# Problem:
Exactly as written, set down each line of the data below except its pictures.

# Records for the task:
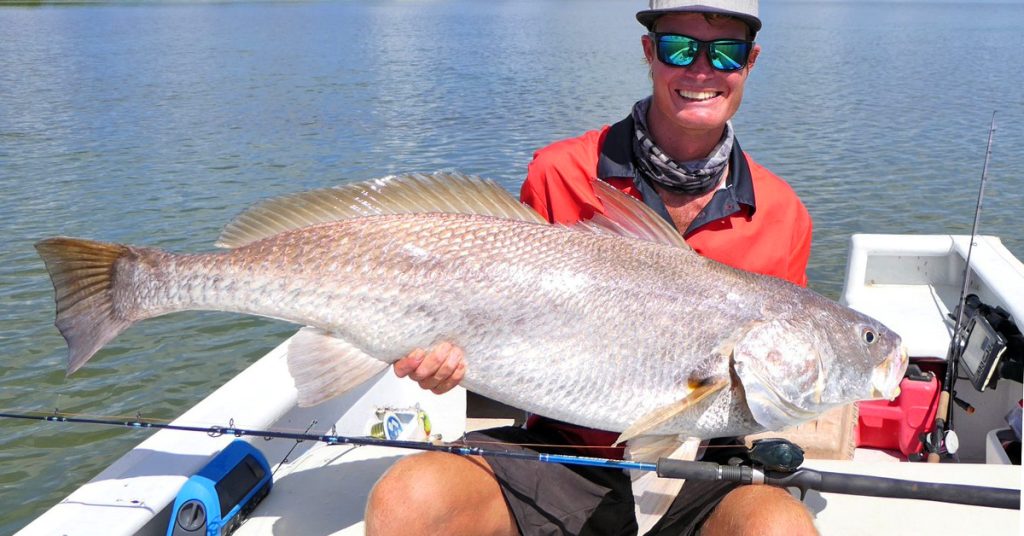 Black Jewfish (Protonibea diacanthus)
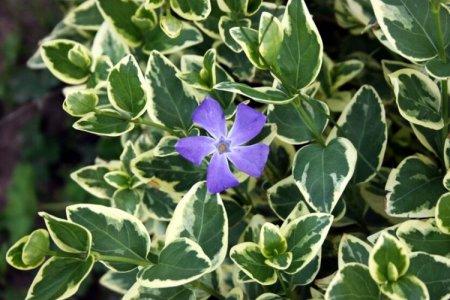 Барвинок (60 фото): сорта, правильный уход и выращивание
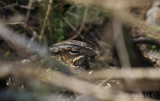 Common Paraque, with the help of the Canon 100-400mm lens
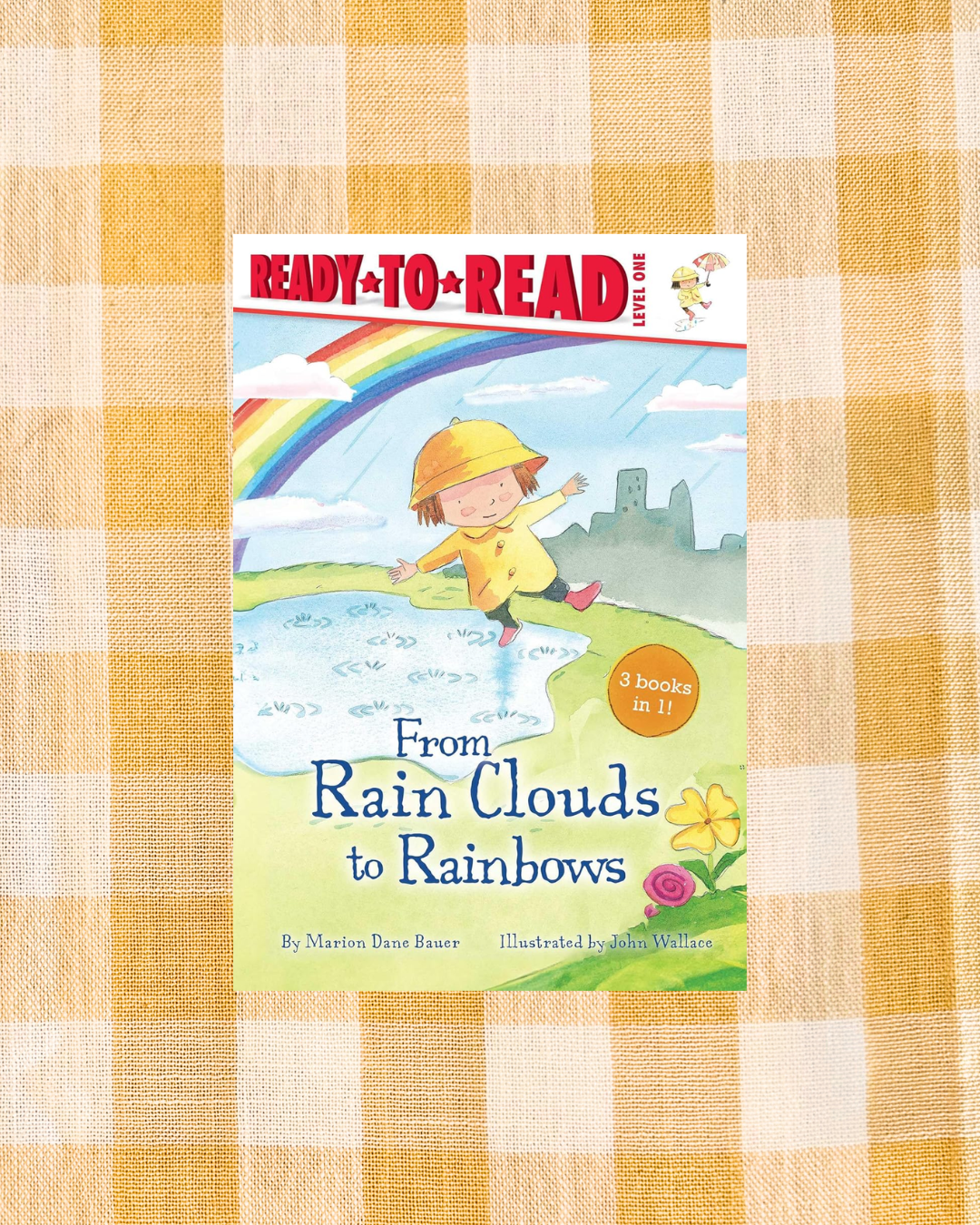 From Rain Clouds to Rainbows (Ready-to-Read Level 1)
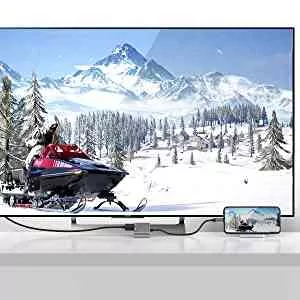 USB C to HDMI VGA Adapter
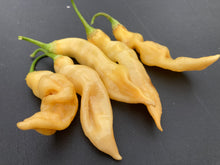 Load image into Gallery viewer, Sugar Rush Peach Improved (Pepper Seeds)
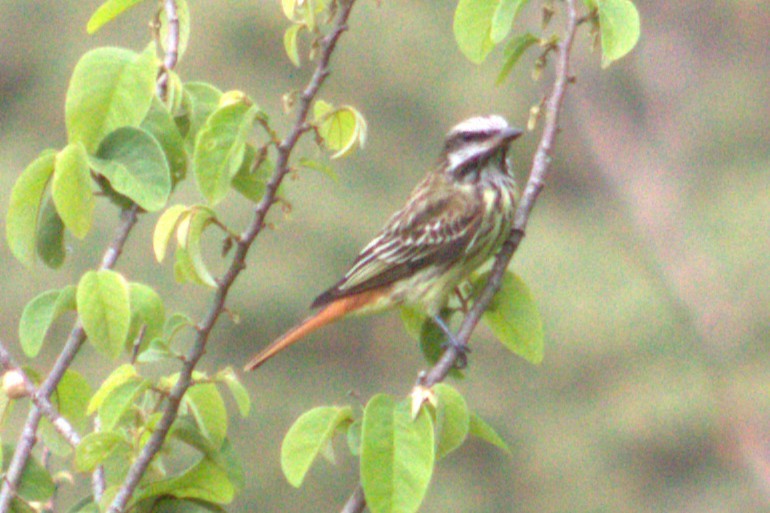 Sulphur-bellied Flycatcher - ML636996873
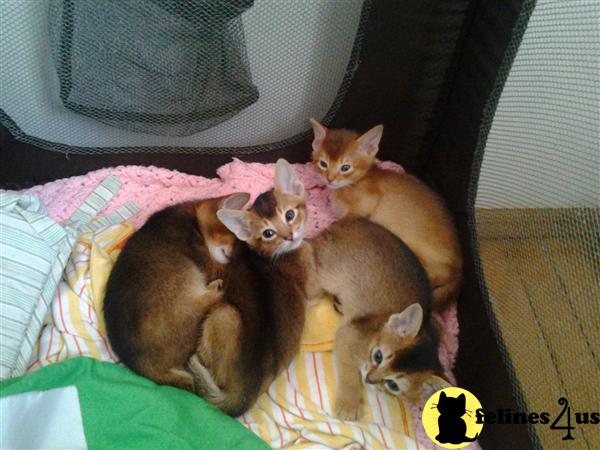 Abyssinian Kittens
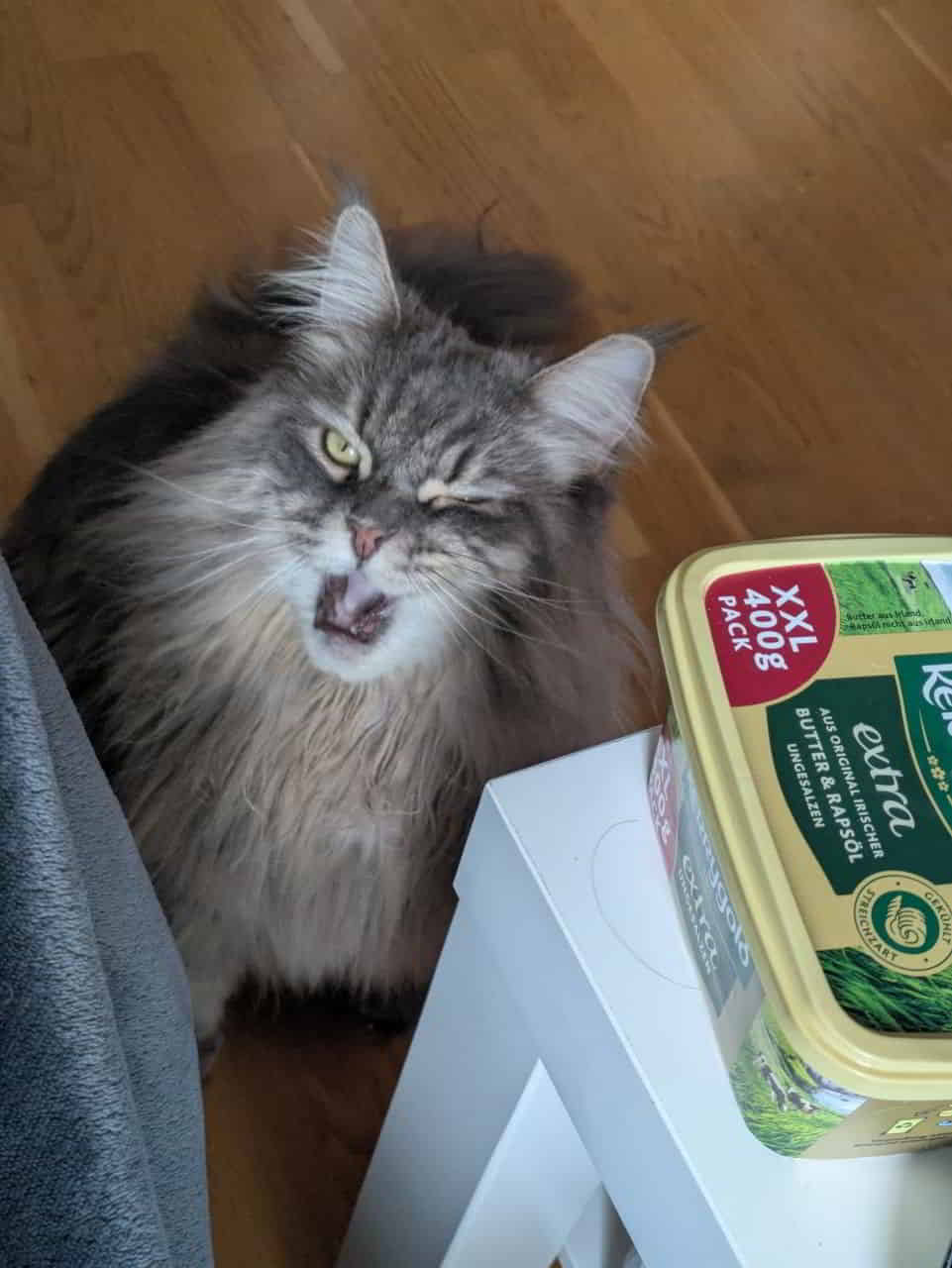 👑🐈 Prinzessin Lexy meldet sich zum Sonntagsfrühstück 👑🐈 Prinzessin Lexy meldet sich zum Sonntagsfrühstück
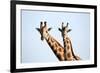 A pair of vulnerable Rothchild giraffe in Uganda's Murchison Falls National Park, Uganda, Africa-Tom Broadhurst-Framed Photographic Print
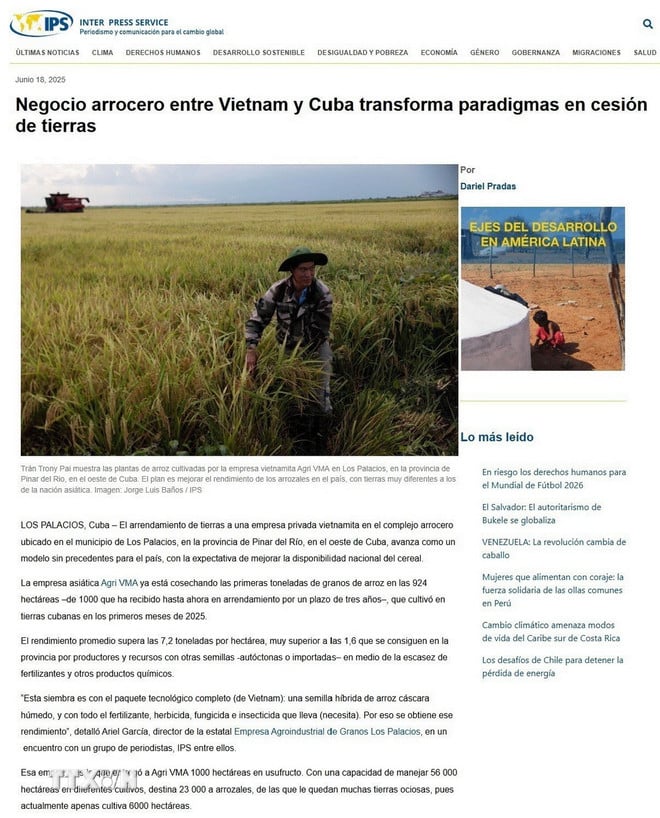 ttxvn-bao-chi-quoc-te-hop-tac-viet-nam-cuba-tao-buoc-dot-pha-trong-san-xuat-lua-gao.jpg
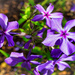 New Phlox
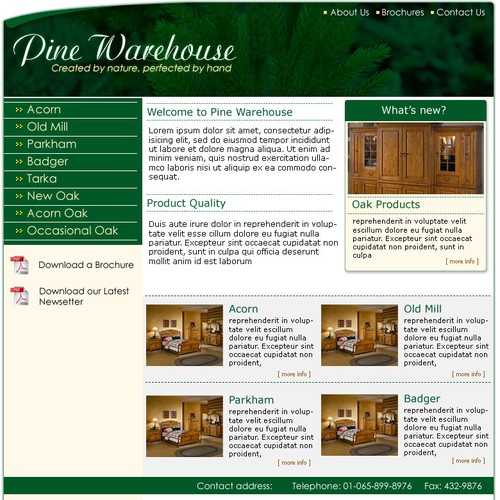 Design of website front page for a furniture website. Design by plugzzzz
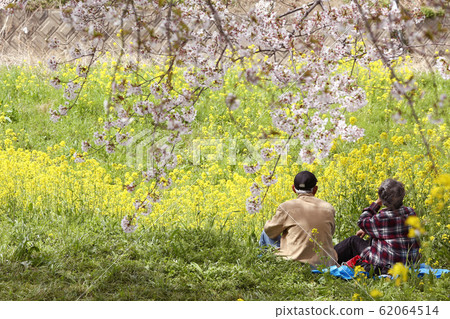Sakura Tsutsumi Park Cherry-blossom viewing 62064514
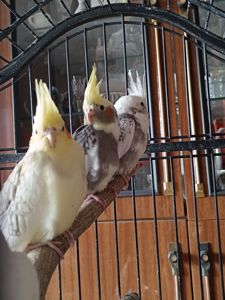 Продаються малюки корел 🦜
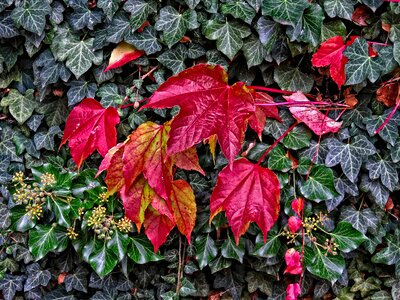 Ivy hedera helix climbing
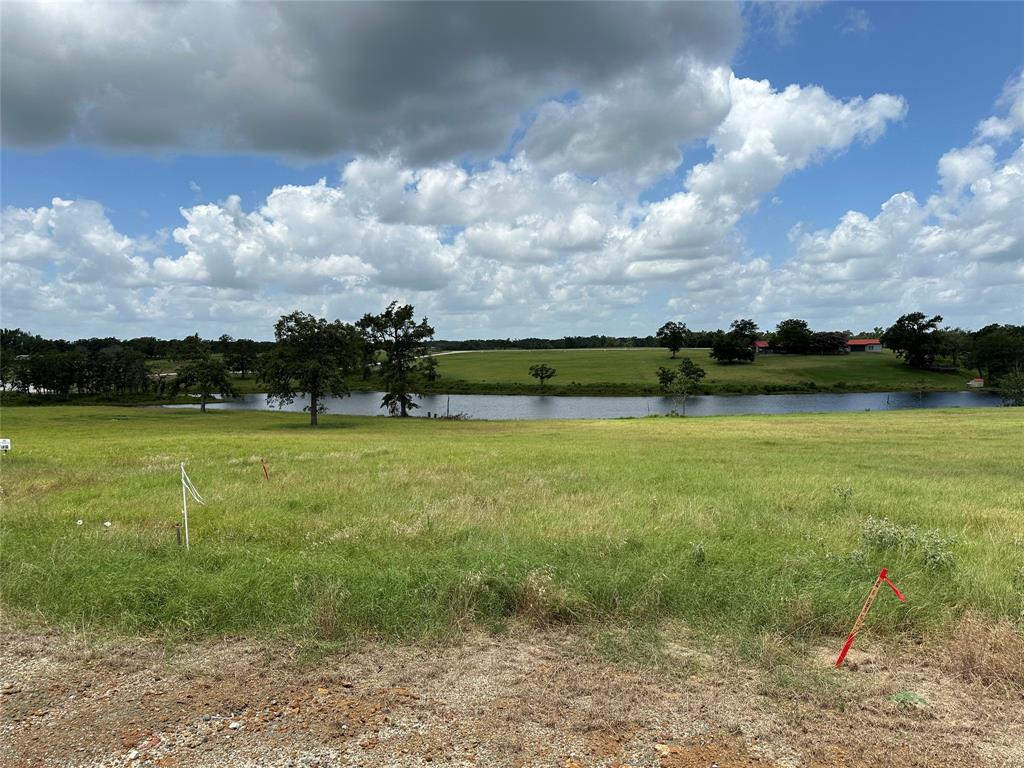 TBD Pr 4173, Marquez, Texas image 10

# Response box:
 Black Jewfish (Protonibea diacanthus)
 Барвинок (60 фото): сорта, правильный уход и выращивание
 Common Paraque, with the help of the Canon 100-400mm lens
 From Rain Clouds to Rainbows (Ready-to-Read Level 1)
 USB C to HDMI VGA Adapter
 Load image into Gallery viewer, Sugar Rush Peach Improved (Pepper Seeds)
 Sulphur-bellied Flycatcher - ML636996873
 Abyssinian Kittens
 👑🐈 Prinzessin Lexy meldet sich zum Sonntagsfrühstück 👑🐈 Prinzessin Lexy meldet sich zum Sonntagsfrühstück
 A pair of vulnerable Rothchild giraffe in Uganda's Murchison Falls National Park, Uganda, Africa-Tom Broadhurst-Framed Photographic Print
 ttxvn-bao-chi-quoc-te-hop-tac-viet-nam-cuba-tao-buoc-dot-pha-trong-san-xuat-lua-gao.jpg
 New Phlox
 Design of website front page for a furniture website. Design by plugzzzz
Sakura Tsutsumi Park Cherry-blossom viewing 62064514
 Продаються малюки корел 🦜
 Ivy hedera helix climbing
 TBD Pr 4173, Marquez, Texas image 10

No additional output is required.